Culture Bling
Students can take a long block period to draw and design a ring or pendant using iconography from the culture they are studying in history. Here, an Incan creature adorns a student's hand. Design in class, then get the finished 3D prints a few days later.
Poll Data
With a little coding and crafting, students could make a tactile polling station and gather data from the community during a break.
Pinball Wizardry
Giving students the chance to fabricate a game play surface that reflects important concepts from your course helps enhances the meaning in a multi-model fashion. Art, engineering, coding, and theme can fuse together. Then, celebrate with a play session, or invite the larger community in on the fun.
Tell a Story in Light
Students can use copper tape and LED stickers to easily create circuits that illuminate a map, picture, or series of images. They can even make simple switches to light up different elements, or they can add a little coding to control timing. This allows them to convey ideas about history and society through light and touch.
Game It New School
This hand-held retro gaming device is easily coded to create custom games. Your students can gamify ideas and events from history or society, and they will demonstrate their comprehension while having tons of fun.
Game it Old School(ish)
A board game can be a great way for students to demonstrate knowledge of your history content. With craft knives and hot glue, suddenly we have a 3D play surface with unlimited possibilities. Throw in some coding, and now we've got a game controller (dice) with interesting symbolic potential. Let's have fun!
Signals
Students could create a stylish crown like this one, but they could also mount this microcontroller on their heads and use it for non-verbal communication. Different head movements result in different light and sound displays. What social / psychological behaviors might we play with here?
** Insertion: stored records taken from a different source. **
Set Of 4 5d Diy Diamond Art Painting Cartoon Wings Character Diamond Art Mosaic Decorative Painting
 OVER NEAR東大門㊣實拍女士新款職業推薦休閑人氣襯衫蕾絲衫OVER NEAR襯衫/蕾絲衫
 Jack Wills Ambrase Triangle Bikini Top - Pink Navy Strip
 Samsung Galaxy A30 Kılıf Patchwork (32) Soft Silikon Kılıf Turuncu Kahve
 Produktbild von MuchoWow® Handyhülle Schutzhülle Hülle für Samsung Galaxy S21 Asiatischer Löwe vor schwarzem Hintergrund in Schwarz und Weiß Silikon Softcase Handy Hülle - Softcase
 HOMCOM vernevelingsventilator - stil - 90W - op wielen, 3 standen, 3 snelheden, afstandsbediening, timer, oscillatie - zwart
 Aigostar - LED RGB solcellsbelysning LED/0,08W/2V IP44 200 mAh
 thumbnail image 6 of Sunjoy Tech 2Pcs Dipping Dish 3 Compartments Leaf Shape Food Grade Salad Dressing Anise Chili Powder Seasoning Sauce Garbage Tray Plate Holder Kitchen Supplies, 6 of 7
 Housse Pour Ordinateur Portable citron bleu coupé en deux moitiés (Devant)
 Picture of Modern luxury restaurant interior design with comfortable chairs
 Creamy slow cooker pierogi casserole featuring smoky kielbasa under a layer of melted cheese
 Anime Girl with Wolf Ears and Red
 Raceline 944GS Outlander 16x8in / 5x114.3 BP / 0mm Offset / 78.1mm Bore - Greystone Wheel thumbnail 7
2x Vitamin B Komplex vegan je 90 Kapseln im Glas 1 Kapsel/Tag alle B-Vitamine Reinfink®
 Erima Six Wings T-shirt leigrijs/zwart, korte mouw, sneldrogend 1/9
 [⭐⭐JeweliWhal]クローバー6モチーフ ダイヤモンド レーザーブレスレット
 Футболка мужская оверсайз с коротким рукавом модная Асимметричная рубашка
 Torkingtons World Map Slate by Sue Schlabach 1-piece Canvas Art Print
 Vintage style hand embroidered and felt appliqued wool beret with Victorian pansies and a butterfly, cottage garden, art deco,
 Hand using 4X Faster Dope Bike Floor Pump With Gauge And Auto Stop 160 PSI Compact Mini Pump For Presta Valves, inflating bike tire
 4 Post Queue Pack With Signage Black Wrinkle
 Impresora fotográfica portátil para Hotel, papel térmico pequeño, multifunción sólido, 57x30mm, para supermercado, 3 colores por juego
https://makecode.adafruit.com/courses/maker/projects/crownTouching Idea
With microcontrollers, it's easy for students to animate and express meaning in poster presentations. Make elements move, light up, or make sound in response to motion, touch, light, sound, or button presses.
Build It
The architecture of an era often tells the story of the people who live, work, or worship in it. Students can construct models with cardboard, wood, or 3D printing. Additionally, a teacher might give parameters of a someone's social standing in a given fictional society, then students build models and explain how the architecture reflects the values, needs, and socioeconomic status of the inhabitants.
Statuesque
Students can dress in costume and hold props, then pose for a 3D scan. Importing the scan into a CAD program then allows transformation into a real or imagined historical figure. Is this a monarch self-aggrandizing monument, or part of a story a society is telling itself about its past? We can print the statues, or students can narrate virtual tours of their creations.
It's Lit
Whether it's 3D printing, paper cutting, hand drawing, or laser cutting, there are many ways for students to express ideas with art and light. Maybe the class can tell a story from history together when the projects are assembled together? Map a journey, then see where the students go.